Joan n’est plus amoureuse de Victor et souffre de se sentir malhonnête avec lui. Alice, sa meilleure amie, la rassure : elle-même n’éprouve aucune passion pour Éric et pourtant leur couple se porte à merveille ! Elle ignore qu’il a une liaison avec Rebecca, leur amie commune… Quand Joan décide finalement de quitter Victor et que celui-ci disparaît, la vie des trois amies et leurs histoires s’en trouvent bouleversées.

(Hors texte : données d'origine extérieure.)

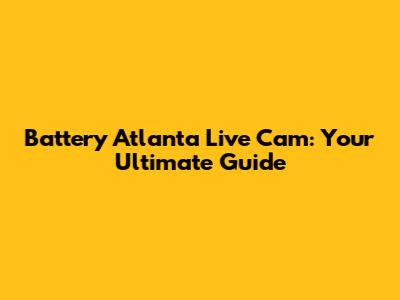 Battery Atlanta Live Cam: Your Ultimate Guide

Il est assez rare en France, qu’un cinéaste enchaîne à ce point les réussites et ce depuis un quart de siècle. C’est bien simple, en dehors d’un gros raté (Une autre vie en 2013, avec Jamsine Trinca et JoeyStarr), les dix autres longs-métrages d’Emmanuel Mouret oscillent entre le formidable et le sublime. Dans cette seconde catégorie, il faudra désormais ajouter Trois amies, présenté en compétition officielle lors de la dernière édition de la Mostra de Venise, en septembre 2024, 12e opus (pour le cinéma) du réalisateur acclamé ces dernières années pour Mademoiselle de Joncquières (2018) et dernièrement pour Chronique d’une liaison passagère (2022). Deux ans après ce dernier, Emmanuel Mouret se penche une fois de plus sur le thème, ô combien complexe, mais passionnant, de l’amour dans tous ses états, et place ici trois sublimes comédiennes en haut de l’affiche, India Hair, Sara Forestier et Camille Cottin. Cela étant, il n’oublie pas la gent masculine et Grégoire Ludig, Vincent Macaigne (qui avait déjà collaboré avec Emmanuel Mouret), Damien Bonnard et Éric Caravaca auraient tout aussi bien pu avoir leur place aux côtés de leurs consœurs. Comme à son habitude, sans aucune redondance, avec un sens inouï du rythme et avec une élégance propre à son cinéma depuis ses débuts, le metteur en scène et scénariste livre à sa distribution une fabuleuse partition sur ce qu’on pourrait qualifier les équations de l’amour, qui possèdent un nombre incalculable d’inconnues et donc tout autant de combinaisons à essayer, ou tout du moins à vivre. Le spectateur se laisse embarquer dans cet opéra tragi-comique ou comédie teintée de drames (on vous l’a dit, les tournures sont multiples), qui rend compte de la complexité intemporelle et universelle de l’existence. Un des très grands films français de l’année 2024.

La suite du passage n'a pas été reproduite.